The wilderness of the Adirondack Mountains of upstate New York might at first glance seem like an unlikely spot for one of the most significant training programs in classical music. But that is where the Meadowmount School of Music has since 1944 been nothing less than a breeding ground for greatness.

When a 34-year-old violinist named Ivan Galamian stepped off a ship in New York City in 1937, one could say that the future of American string playing had arrived. The Persian-born Armenian musician raised in Russia had already acquired a reputation, first as a prodigy, making his acclaimed recital debut in Paris at the age of 21, then as a busy concert artist, and subsequently as an astonishingly effective teacher.

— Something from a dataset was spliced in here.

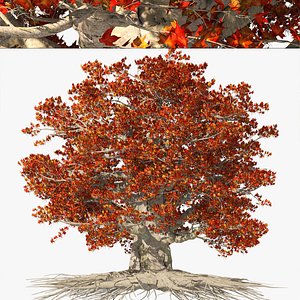 3D Weirwood winterfell tree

Having joined the faculty of the Conservatoire Russe de Paris not long after his debut, he was dubbed “Ivan the Terrible” for his exacting methods, but his success with young violinists led to a thriving teaching practice in Europe and the U.S. By 1937, however, the political situation in Europe had worsened to the degree that Galamian decided to emigrate – with the ambition of becoming the greatest violin teacher in America.

Once in New York, Ivan Galamian began teaching, both privately at his small West 54th Street apartment and at the Henry Street Settlement on the Lower East Side. His friend Gregor Piatigorsky, the celebrated Russian cellist, had settled in Elizabethtown, in the Adirondack Mountains, and when Galamian paid him a visit, he fell in love with the area and the white birch trees that reminded him of his Russian home.

On one of his trips upstate, Galamian was invited to the birthday party of Edward Lee Campe, a wealthy manufacturer of men’s clothing, where he was introduced to Judith Johnson, a sea captain’s daughter. In November 1941, they were married.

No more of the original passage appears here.